Josh poi non ha mai fatto mistero di votare Hillary. E i Kushner sono una famiglia di grandi finanziatori, talvolta illeciti, del Partito democratico. E qui si apre un altro capitolo della saga di famiglia, che dalla Silicon Valley si trasferisce nel New Jersey, tra “Il Padrino” e Philip Roth (i Kushner sono di Elizabeth, New Jersey, cittadina da cui proviene la giovane sposa di “Pastorale americana”, romanzo sugli ebrei che si fingono wasp).

I giovani Kushner sono infatti figli di Charlie Kushner, mega palazzinaro e amico dei Clinton, di Al Gore e di tutto l’establishment democratico (soprannominato appunto “il padrino ebreo del New Jersey”). Charlie discende da una famiglia di “holocaust builders”, cioè ebrei arrivati dall’Europa devastata dal nazismo e ri-costruttori dell’America del Dopoguerra. Lui, studente medio carismatico, fa fortuna coi palazzi, mentre il fratello Murray vive all’ombra, non fa abbastanza soldi, addirittura sposa una gentile causando riprovazione fraterna e spaccatura nella famiglia (è un po’ Fredo Corleone). Charlie diventa un magnate, dona il suo nome a università e sinagoghe, sponsorizza tutto lo sponsorizzabile tra cui, anche in maniera sgangherata, le università che i figli frequenteranno (dona 2,5 milioni ad Harvard, 3 milioni a Nyu, a cui pure affitta un palazzo sottoprezzo). E’ amico di tutti quelli che contano a New York. Mantiene gli amanti del governatore del New Jersey (che poi si dimette contagiato dallo scandalo).

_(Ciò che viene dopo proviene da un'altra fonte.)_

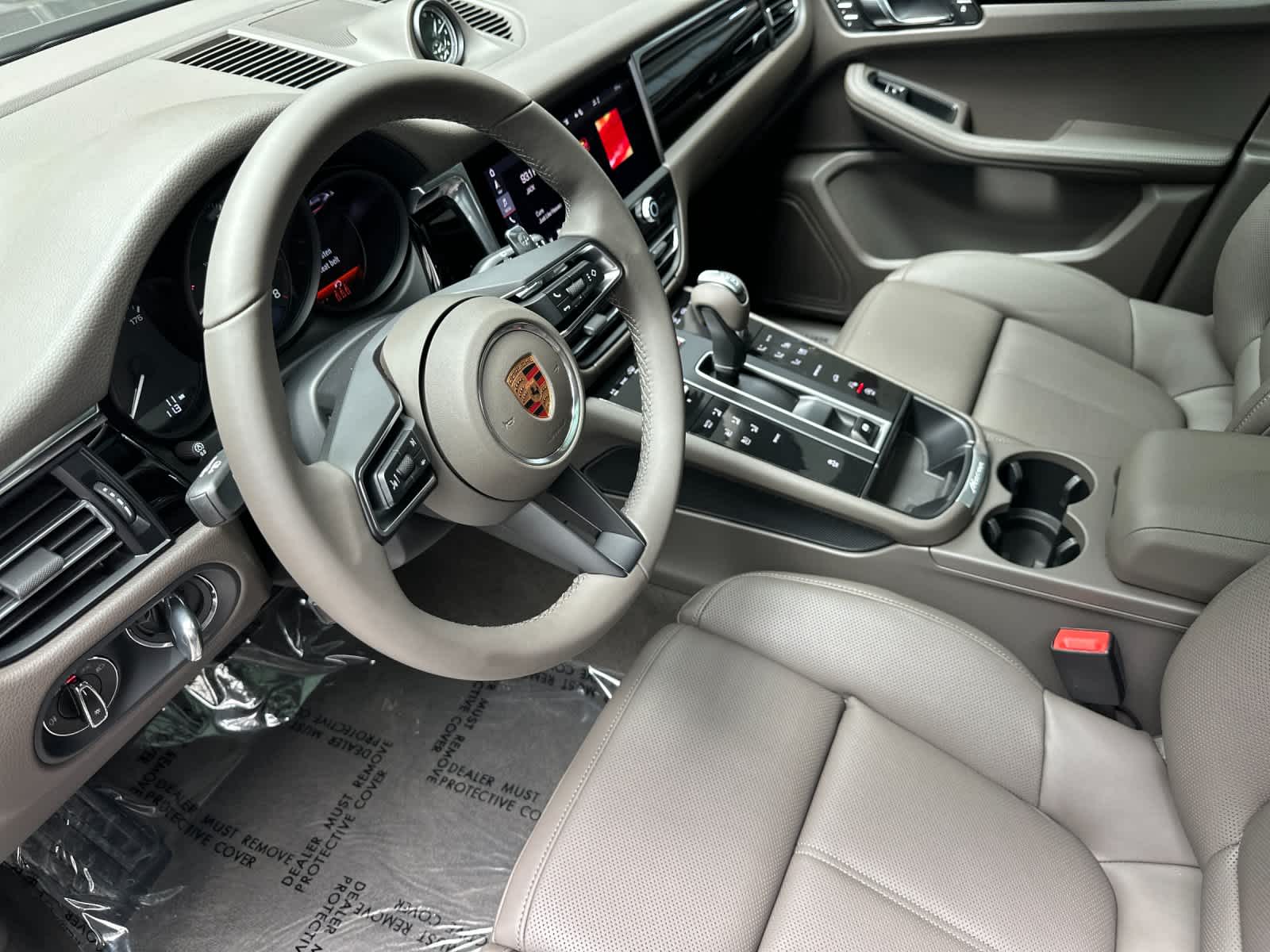 Thumbnail: 2026 Porsche Macan - 4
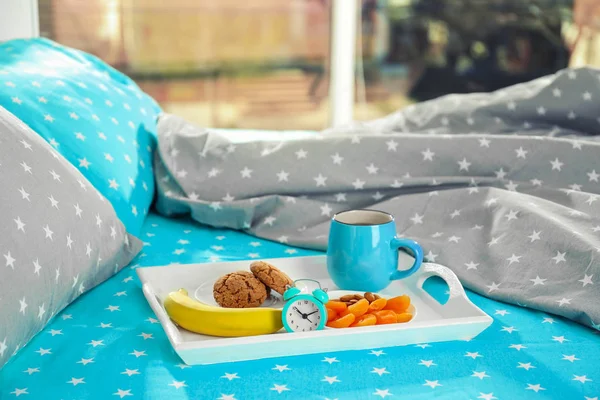 Delicious breakfast in bed — Stock Photo, Image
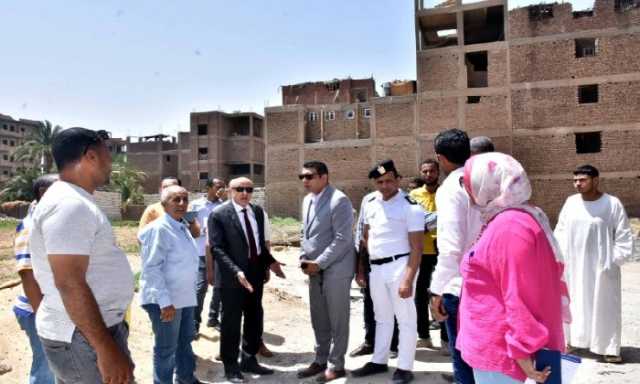 محافظ الأقصر يوجه بإزالة مبنى مكون من طوابق بإسنا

Il padre, mega palazzinaro e amico dei Clinton, “il padrino ebreo del New Jersey”, e lo scontro con lo zio che vive nell’ombra

Nel frattempo i rapporti tra i due fratelli si raffreddano; c’è una lite a una festa da ballo per un Bar mitzvah che è pura “Versione di Barney”, e finisce con Murray che fa causa al fratello. Qui arriva il bello: la causa insospettisce l’allora procuratore del New Jersey che apre un’inchiesta, che finirà col vecchio Charlie in galera, patteggiando 18 capi di imputazione tra cui evasione fiscale, corruzione di testimone, finanziamento illecito ai partiti. Sliding door: il procuratore in questione non è altri che Chris Christie, inner circle trumpiano oggi in declino, e la leggenda nera dice che dietro il declino ci sia proprio il giovane Jared Kushner, first genero, odiatore del persecutore Christie, adorante il padre, che andò a trovare ogni giorno in galera, che considera un innocente vessato dalla storia.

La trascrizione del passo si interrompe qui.